WORK INSTRUCTIONS:
In your copy, leave out all pictures and reproduce every entry exactly.

#### RECORDS PROVIDED ####

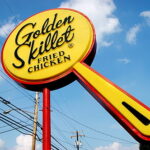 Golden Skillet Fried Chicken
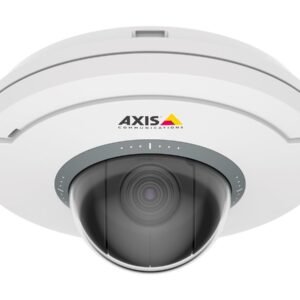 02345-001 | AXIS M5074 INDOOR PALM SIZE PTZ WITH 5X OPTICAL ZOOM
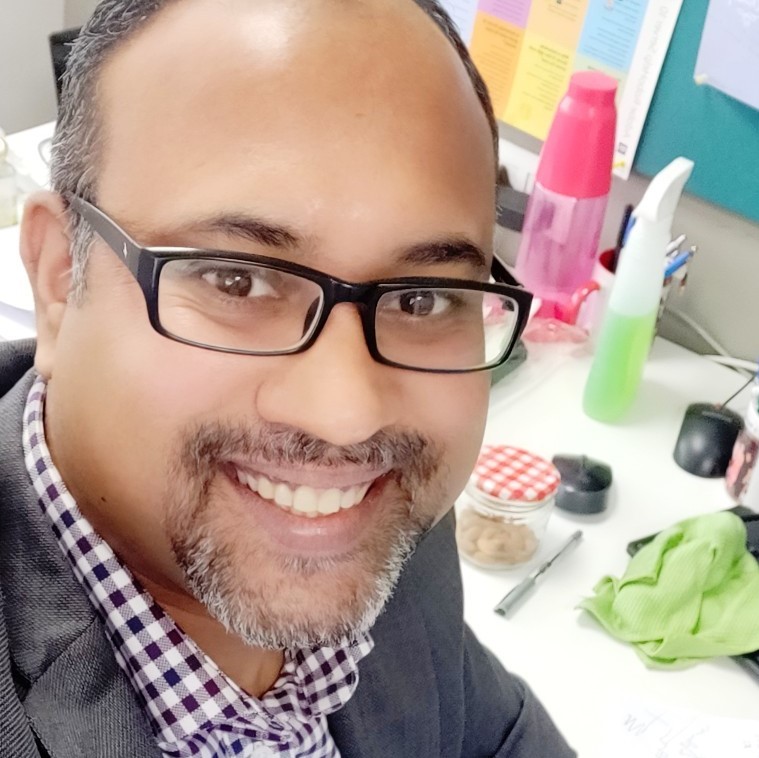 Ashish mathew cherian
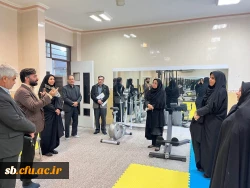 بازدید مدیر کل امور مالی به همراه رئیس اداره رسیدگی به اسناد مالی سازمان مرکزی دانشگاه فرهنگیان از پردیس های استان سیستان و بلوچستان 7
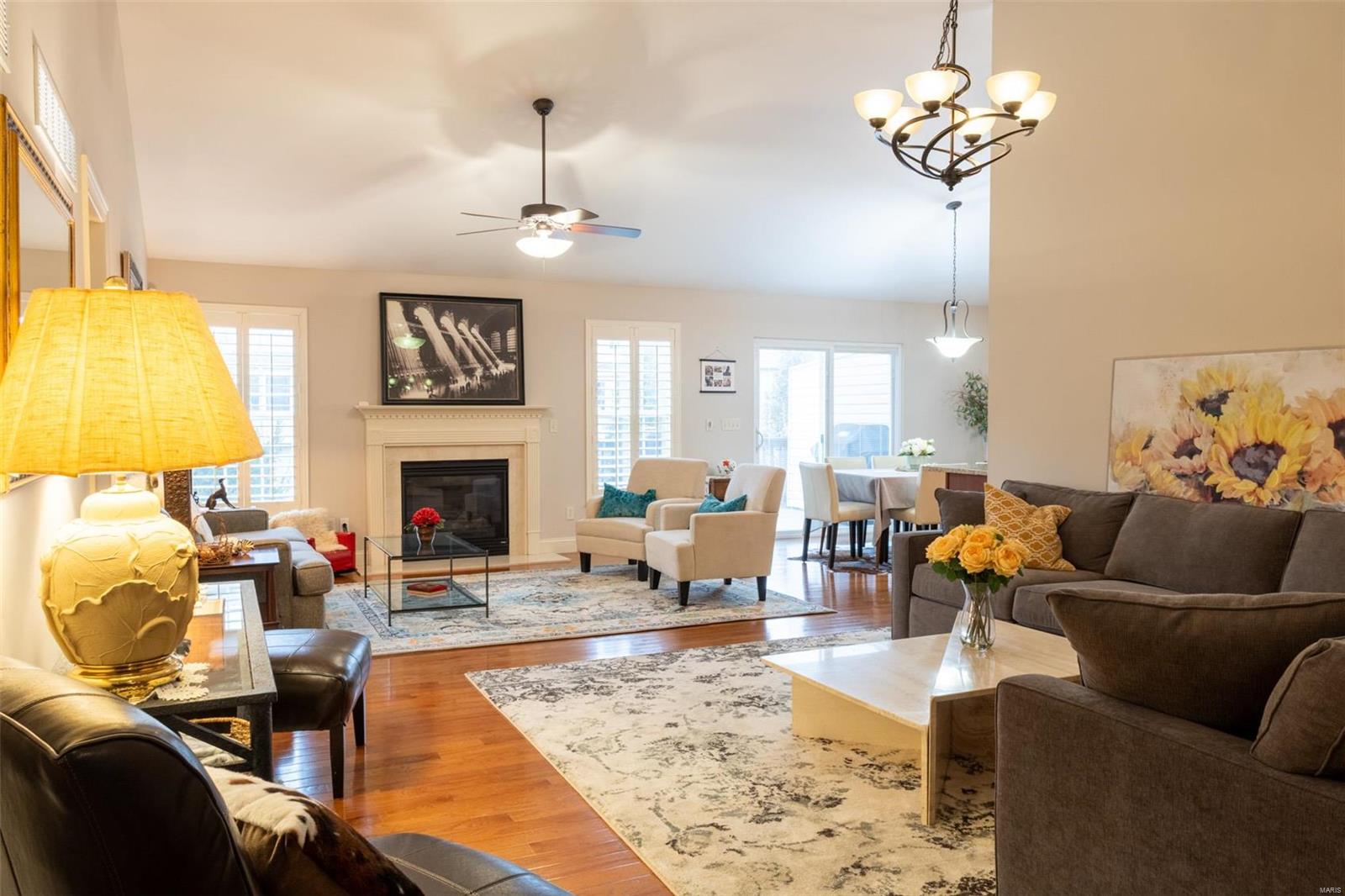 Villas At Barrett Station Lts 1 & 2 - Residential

####

EXERCISE RESPONSE:
 Golden Skillet Fried Chicken
 02345-001 | AXIS M5074 INDOOR PALM SIZE PTZ WITH 5X OPTICAL ZOOM
 Ashish mathew cherian
 بازدید مدیر کل امور مالی به همراه رئیس اداره رسیدگی به اسناد مالی سازمان مرکزی دانشگاه فرهنگیان از پردیس های استان سیستان و بلوچستان 7
 Villas At Barrett Station Lts 1 & 2 - Residential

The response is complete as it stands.